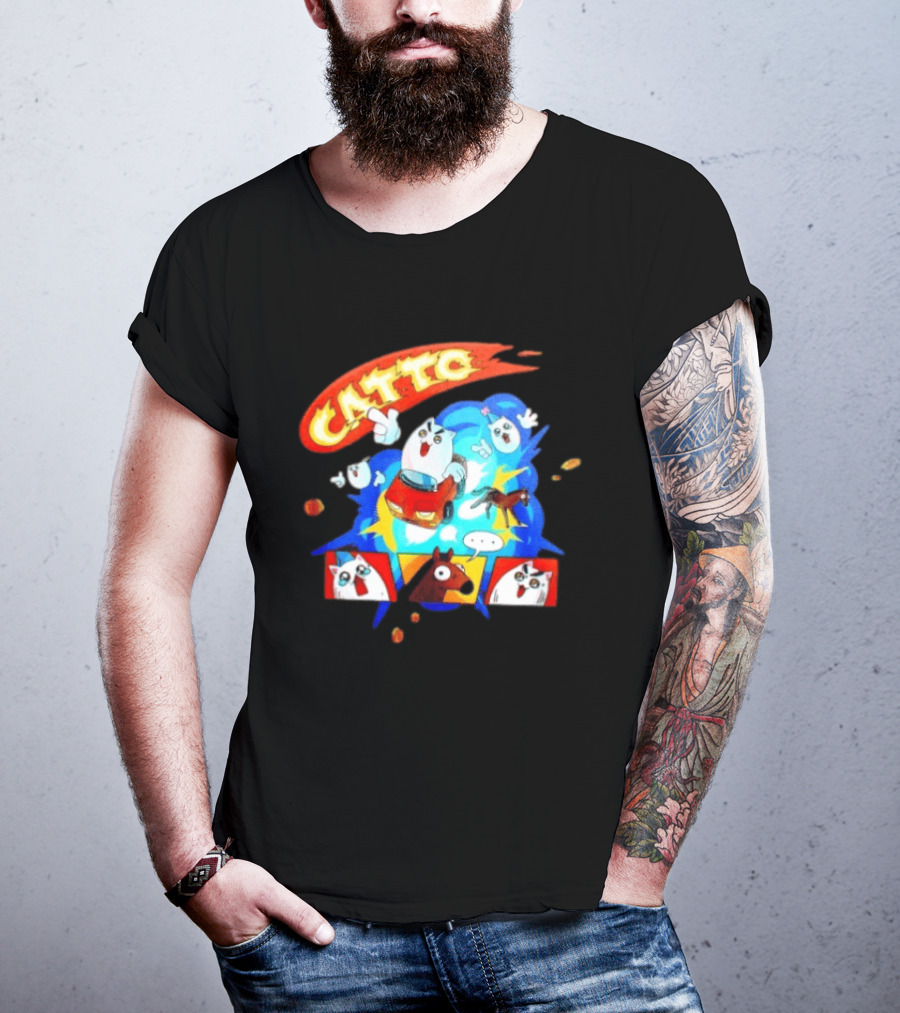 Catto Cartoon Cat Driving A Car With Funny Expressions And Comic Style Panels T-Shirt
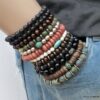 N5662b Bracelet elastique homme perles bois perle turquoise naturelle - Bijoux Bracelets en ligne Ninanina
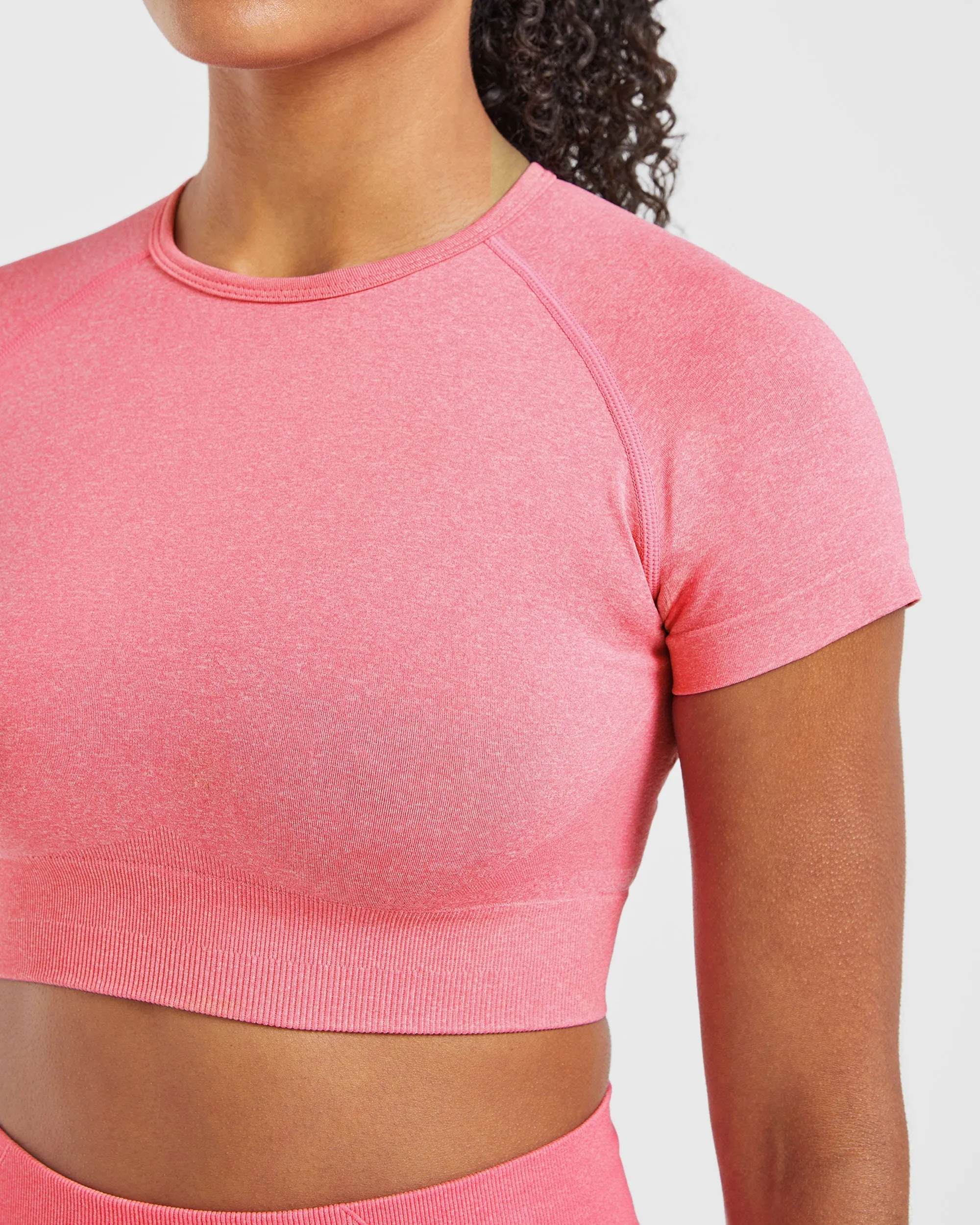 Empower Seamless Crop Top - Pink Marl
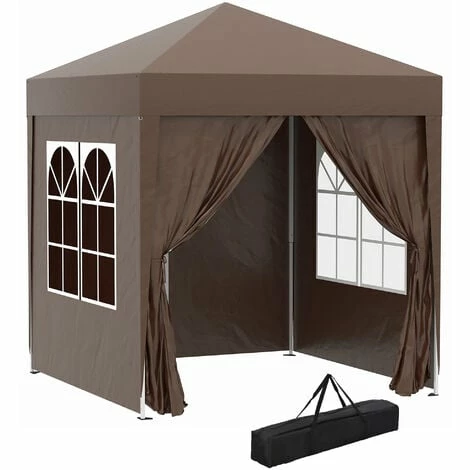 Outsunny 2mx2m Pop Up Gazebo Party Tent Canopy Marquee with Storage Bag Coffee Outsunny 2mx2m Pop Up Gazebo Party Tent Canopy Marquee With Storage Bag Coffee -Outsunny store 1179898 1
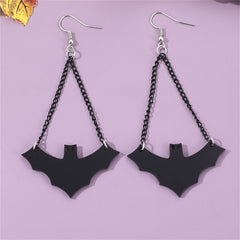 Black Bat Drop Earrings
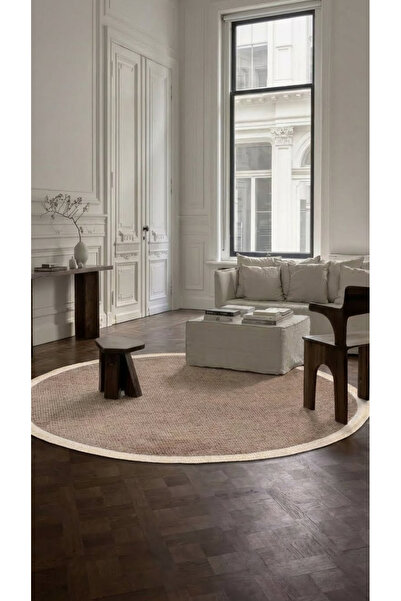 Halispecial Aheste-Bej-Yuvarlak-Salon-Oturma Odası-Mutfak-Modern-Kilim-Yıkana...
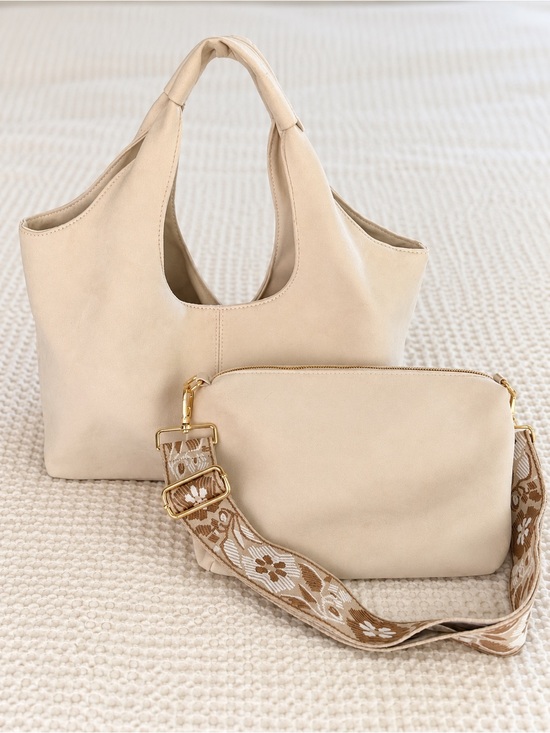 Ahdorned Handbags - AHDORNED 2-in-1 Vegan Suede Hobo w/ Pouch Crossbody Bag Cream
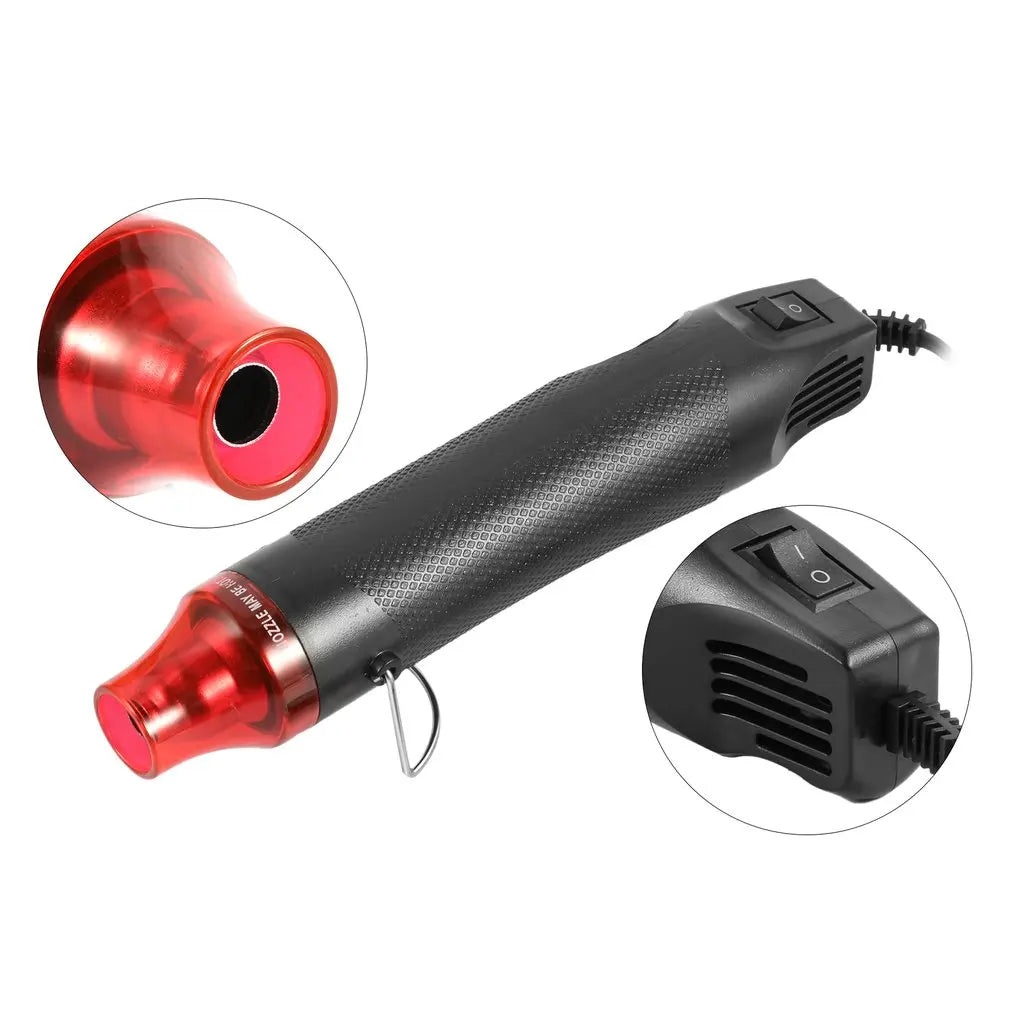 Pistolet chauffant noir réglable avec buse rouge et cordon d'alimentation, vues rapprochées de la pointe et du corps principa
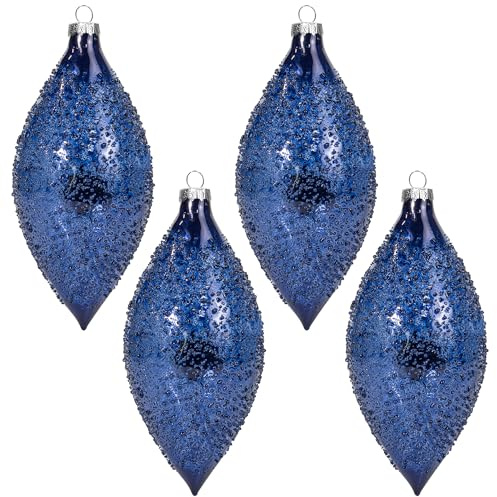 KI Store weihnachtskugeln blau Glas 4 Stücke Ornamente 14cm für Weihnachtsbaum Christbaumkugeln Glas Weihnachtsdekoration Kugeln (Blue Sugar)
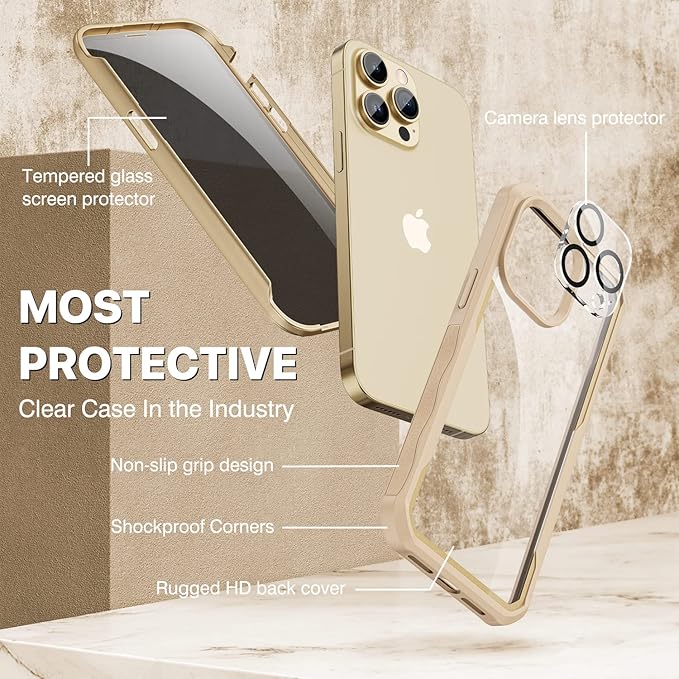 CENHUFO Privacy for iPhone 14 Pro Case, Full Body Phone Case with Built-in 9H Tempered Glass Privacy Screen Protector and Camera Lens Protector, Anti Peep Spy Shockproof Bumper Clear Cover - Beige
● ● ● ●
What you will do. Print all records verbatim, excluding pictures.

Result of this exercise.
 Catto Cartoon Cat Driving A Car With Funny Expressions And Comic Style Panels T-Shirt
 N5662b Bracelet elastique homme perles bois perle turquoise naturelle - Bijoux Bracelets en ligne Ninanina
 Empower Seamless Crop Top - Pink Marl
 Outsunny 2mx2m Pop Up Gazebo Party Tent Canopy Marquee with Storage Bag Coffee Outsunny 2mx2m Pop Up Gazebo Party Tent Canopy Marquee With Storage Bag Coffee -Outsunny store 1179898 1
 Black Bat Drop Earrings
 Halispecial Aheste-Bej-Yuvarlak-Salon-Oturma Odası-Mutfak-Modern-Kilim-Yıkana...
 Ahdorned Handbags - AHDORNED 2-in-1 Vegan Suede Hobo w/ Pouch Crossbody Bag Cream
 Pistolet chauffant noir réglable avec buse rouge et cordon d'alimentation, vues rapprochées de la pointe et du corps principa
 KI Store weihnachtskugeln blau Glas 4 Stücke Ornamente 14cm für Weihnachtsbaum Christbaumkugeln Glas Weihnachtsdekoration Kugeln (Blue Sugar)
 CENHUFO Privacy for iPhone 14 Pro Case, Full Body Phone Case with Built-in 9H Tempered Glass Privacy Screen Protector and Camera Lens Protector, Anti Peep Spy Shockproof Bumper Clear Cover - Beige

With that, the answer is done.